C’est donc dans le gospel que Johnnie Taylor commence son long chemin pavé de hits. Et pas n’importe comment, puisqu’en 1957, il quitte son groupe de Doo-Wop et remplace au sein des Soul Stirrers un leader parti vers une carrière solo bientôt légendaire : Sam Cooke, qui mourra sept ans plus tard sans avoir eu le temps (oui, oui, je sais c’est normal) de voir Bobby Womack se marier avec sa veuve. Mais ça, c’est une autre histoire.. Avec les Soul Stirrers, Johnnie enregistre quelques bons titres mais après deux années, il pense sérieusement à laisser tomber la musique et à devenir pasteur (en même temps, avec un look pareil, le contraire aurait même étonné Mireille Mathieu). C’est à ce moment que Sam Cooke, qui vient de monter son propre label, Sar records, fait appel à ses services et lui propose de tenter le grand saut vers une carrière solo prometteuse. L’idée de l’oncle Sam est simple : faire de Taylor un chanteur black de pop. Manque de bol, Johnnie aura à peine le temps de sortir un single prémonitoire (Rome wasn’t built in a day) sur Sar qu’on retrouve Cooke dead in a motel. Sar cesse donc toute activité, laissant Johnnie sur le bord de la route.

1965. Année du trou noir avant de signer sur le déjà immense label de soul Stax.

Pendant ce temps là, en plein cœur des 60’s, la planète rétrécit sévèrement avec le développement massif de la télévision et le blues se popularise sous les saillies révérencieuses des Stones. Pourtant, les charts de Rythm and blues et pop restent encore bien distincts, histoire de ne pas trop mélanger le chocolat et la vanille. Johnnie Taylor s’en contrefout. Après avoir sorti chez sa nouvelle écurie quelques titres de facture soul assez classique, il entonne cet hymne féministe qu’est Who’s making love. De l’autre côté de l’atlantique, les futurs soixante- huitards français se foutent sur la gueule du côté de la Sorbonne et le MLF est en germe. Dès lors, les années se suivent et se ressemblent pour cet homme qui empile avec la régularité d’un batave lors du domino day les tubes jouissifs et les somptueuses balades lacrymales. Citons au hasard Separation line ou Next time.

Lorsque Stax fout la clef sous la porte quelques années plus tard, celui qu’on surnomme alors le « philosophe de la soul » entame un virage à 540° (même principe qu’un demi-tour, mais assorti d’un tour complet en l’air avec les jambes croisées histoire de rendre la chose plus mysterious) se barre chez Columbia et sort d’entrée de jeu un tube disco, l’impitoyablement dansant et suave Disco lady. Ici, on ne pense plus à une quadragénaire en feu mais plutôt à une adolescente dans la force de l’âge qui aurait envie de bouffer du dancefloor, histoire de déguster quelques knackis à la sortie de la boîte. La face B, You’re the best in the world, n’est pas en reste et écrase tout sur son passage. Bref, dans le genre, ça défouraille sévère.

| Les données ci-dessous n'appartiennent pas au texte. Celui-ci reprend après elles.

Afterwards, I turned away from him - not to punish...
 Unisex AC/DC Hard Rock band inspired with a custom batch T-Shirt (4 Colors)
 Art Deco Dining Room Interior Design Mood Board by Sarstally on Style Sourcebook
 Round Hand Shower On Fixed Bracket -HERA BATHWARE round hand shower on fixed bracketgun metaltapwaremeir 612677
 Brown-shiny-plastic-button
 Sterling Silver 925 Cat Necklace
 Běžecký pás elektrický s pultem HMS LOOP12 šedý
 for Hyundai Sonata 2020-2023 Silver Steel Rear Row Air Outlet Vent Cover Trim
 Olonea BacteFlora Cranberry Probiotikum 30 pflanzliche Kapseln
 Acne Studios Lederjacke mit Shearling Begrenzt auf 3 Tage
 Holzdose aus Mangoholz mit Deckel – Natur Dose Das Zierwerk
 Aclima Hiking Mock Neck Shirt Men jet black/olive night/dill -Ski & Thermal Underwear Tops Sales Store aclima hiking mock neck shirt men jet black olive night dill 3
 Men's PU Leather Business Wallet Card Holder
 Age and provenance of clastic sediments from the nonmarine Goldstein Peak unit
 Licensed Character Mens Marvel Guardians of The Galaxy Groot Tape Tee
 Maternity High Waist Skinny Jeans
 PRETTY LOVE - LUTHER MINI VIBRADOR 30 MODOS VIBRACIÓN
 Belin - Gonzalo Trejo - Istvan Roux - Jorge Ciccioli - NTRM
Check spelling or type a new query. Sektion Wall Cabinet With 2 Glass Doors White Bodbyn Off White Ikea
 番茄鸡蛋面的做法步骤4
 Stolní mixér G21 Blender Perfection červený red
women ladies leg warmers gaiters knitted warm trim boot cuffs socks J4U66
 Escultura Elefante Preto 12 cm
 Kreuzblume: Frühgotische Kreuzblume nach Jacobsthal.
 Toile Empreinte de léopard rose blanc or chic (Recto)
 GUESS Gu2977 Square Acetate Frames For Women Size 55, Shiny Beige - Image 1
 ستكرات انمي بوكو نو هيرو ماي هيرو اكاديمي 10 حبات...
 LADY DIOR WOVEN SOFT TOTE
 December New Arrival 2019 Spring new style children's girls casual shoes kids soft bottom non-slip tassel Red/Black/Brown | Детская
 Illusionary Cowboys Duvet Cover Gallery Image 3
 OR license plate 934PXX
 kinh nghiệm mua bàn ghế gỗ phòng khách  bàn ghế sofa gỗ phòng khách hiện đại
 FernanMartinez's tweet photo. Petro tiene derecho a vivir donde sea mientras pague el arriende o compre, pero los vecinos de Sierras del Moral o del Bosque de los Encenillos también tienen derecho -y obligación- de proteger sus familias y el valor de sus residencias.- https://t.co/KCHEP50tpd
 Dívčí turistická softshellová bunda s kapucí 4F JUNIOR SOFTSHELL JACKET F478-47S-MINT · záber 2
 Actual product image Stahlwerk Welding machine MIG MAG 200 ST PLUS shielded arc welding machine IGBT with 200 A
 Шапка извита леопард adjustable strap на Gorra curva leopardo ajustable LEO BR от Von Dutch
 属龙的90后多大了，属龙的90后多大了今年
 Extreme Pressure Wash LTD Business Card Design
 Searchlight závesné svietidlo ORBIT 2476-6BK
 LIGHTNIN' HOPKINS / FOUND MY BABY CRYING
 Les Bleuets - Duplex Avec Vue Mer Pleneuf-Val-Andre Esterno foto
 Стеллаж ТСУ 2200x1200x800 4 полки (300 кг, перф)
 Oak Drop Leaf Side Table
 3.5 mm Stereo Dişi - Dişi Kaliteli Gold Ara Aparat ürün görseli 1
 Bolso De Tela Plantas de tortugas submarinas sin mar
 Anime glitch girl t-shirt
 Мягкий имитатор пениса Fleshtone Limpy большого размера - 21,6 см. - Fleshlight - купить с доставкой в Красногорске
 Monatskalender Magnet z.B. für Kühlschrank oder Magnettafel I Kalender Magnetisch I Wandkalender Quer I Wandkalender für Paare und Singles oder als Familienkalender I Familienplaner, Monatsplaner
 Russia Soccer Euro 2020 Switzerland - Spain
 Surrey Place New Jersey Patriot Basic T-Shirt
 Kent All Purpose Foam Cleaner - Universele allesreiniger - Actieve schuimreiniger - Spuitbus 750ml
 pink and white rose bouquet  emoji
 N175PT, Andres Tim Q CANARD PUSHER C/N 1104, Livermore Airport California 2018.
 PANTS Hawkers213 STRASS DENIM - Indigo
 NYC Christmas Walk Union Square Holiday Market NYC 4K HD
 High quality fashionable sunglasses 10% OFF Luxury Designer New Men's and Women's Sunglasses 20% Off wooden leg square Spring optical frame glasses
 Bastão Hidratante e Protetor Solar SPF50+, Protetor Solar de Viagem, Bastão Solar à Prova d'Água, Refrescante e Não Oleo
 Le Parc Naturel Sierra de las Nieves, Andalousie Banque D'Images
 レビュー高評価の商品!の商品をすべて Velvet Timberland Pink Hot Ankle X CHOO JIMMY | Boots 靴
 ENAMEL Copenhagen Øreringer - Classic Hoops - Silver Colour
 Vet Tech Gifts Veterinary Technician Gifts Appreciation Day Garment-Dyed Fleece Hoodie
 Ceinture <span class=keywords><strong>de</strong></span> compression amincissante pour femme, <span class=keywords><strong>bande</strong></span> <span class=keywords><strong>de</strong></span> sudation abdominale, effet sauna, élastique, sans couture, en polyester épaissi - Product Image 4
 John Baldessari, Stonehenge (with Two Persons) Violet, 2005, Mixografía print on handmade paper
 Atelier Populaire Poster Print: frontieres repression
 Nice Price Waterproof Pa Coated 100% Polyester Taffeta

Ne comprenant pas qu’elle a en magasin une pépite soul, Columbia n’aura de cesse de vendre Taylor comme un artiste disco, alors que Johnnie est comme les prises : multiple. Bilan : les ventes fondent comme un Twix sur une lunette arrière à Palavas-les-flots. Alors Johnnie se casse. Forçat du tube et de la mélodie en or, le mellow man continue à enfiler avec une régularité délirante perle sur perle et se rapproche au début des 80’s d’un style très influencé par Roger Nelson, aka Prince le nain de Minneapolis. Comme en témoigne par exemple I need a freak.

Tu l’auras compris – ou alors je me suis mal exprimé ce qui est fort possible, Johnnie Taylor était un monstre et son oubli progressif semble incompréhensible. Most underrated soul singer of all time? Etant de religion suisse, j’aurais quelques difficultés à me prononcer clairement, mais entre nous, je ne suis parfois pas loin de le penser.